Guy Farrell et son collègue Marc Maltais, président des syndiqués d'Alma, étaient à Londres pour accroître la pression sur Rio Tinto qui impose un lock-out sur les 780 travailleurs de l'aluminerie du Saguenay depuis maintenant 110 jours.

Ils étaient accompagnés de délégués de grands syndicats miniers et métallurgiques, dont Unite (Grande-Bretagne) et la Fédération internationale des travailleurs de la métallurgie.

«Certains de nos nouveaux alliés vont nous aider financièrement pour passer à travers le lock-out», s'est réjoui Marc Maltais, qui visitera également la France pour cette seconde tournée à l'étranger.

Ils ont pris quelques photos en compagnie d'une centaine de manifestants qui bravaient la pluie et le froid avant de pénétrer dans le centre de conférence Queen Elizabeth.

Sombres perspectives

Les esprits se sont rapidement échauffés, dans la salle remplie aux deux tiers, à la suite de la présentation des dirigeants de Rio Tinto. Seule ombre au tableau parmi les résultats généralement positifs de l'entreprise: la division de l'aluminium, dont la dévaluation de 8,9 milliards de dollars a fait plonger l'entreprise dans le rouge pour la seconde moitié de 2011.

«Ce secteur continuera à présenter des défis pour un certain temps», a indiqué Jan Du Plessis, président du troisième producteur d'aluminium au monde.

Nullement intimidé par ces sombres perspectives, Guy Farrell a pris la parole au nom des travailleurs d'Alma. «Comment justifiez-vous le lock-out illégal de l'aluminerie la plus profitable au monde, jetant à la rue 780 familles», a-t-il demandé.

Tom Albanese a contre-attaqué en affirmant que du matériel avait été vandalisé dans l'aluminerie. «Il y a beaucoup de tensions et ce n'est pas bon pour les affaires. J'espère que nous pouvons nous asseoir ensemble et trouver des solutions», a affirmé le directeur.

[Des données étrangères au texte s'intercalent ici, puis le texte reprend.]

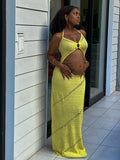 Momnfancy Yellow Skeleton Lace-up Crochet Maternity Photoshoot Maxi Dress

Des paroles qui signalent une reprise des pourparlers, selon Guy Farrell. «C'est la première fois que M. Albanese s'engage à négocier avec nous. On va le tenir au mot», a-t-il dit à La Presse.

Un optimisme que ne partagent pas des observateurs. «Nous croyons que le conflit durera toute l'année de 2012», ont écrit des analystes de la Deutsche Bank dans un rapport cette semaine.

Commandite olympique

L'atmosphère au centre de conférence s'est envenimée suite à l'intervention des syndicalistes québécois.

Des délégués mongoliens ont accusé Rio Tinto de dissimuler l'impact environnemental de ses activités minières dans le désert de Gobi. Devant les tentatives des dirigeants de couper court à la question, l'un d'eux s'est écrié: «C'est honteux!»

L'assemblée s'est conclue sur une note dramatique lorsqu'une mère de famille américaine, Cherise Udell, a fondu en larmes en énumérant les problèmes de santé des enfants de l'Utah, où l'usine de cuivre de Rio Tinto est la principale source de pollution atmosphérique.

Ces détracteurs, dont les syndiqués d'Alma, ont demandé cette semaine au comité olympique de retirer Rio Tinto de sa liste de commanditaires. L'entreprise fournira les 4700 médailles des Jeux de Londres.